Exercise aim »
Every line from the one that includes "W(M) 타미힐피거 패딩 점퍼자켓 경량 퀄팅 화이트-16FEB 상품이미지7" to the end of the entries should be written out exactly, with the first and last included.

[[ Available records, beginning ]]

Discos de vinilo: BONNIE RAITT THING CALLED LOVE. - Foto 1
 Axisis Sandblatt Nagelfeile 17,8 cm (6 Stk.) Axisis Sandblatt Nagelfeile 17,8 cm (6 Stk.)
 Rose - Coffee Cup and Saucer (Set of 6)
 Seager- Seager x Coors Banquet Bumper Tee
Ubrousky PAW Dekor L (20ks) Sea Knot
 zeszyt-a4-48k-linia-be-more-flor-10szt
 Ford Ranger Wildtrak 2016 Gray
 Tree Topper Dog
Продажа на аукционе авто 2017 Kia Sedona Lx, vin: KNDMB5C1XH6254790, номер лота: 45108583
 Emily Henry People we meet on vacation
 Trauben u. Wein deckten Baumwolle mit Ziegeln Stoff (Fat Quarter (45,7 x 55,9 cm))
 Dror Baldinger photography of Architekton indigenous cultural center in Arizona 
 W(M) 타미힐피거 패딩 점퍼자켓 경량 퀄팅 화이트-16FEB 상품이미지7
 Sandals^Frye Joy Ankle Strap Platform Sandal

[[ Available records, end ]]

Solution for this exercise »
 W(M) 타미힐피거 패딩 점퍼자켓 경량 퀄팅 화이트-16FEB 상품이미지7
 Sandals^Frye Joy Ankle Strap Platform Sandal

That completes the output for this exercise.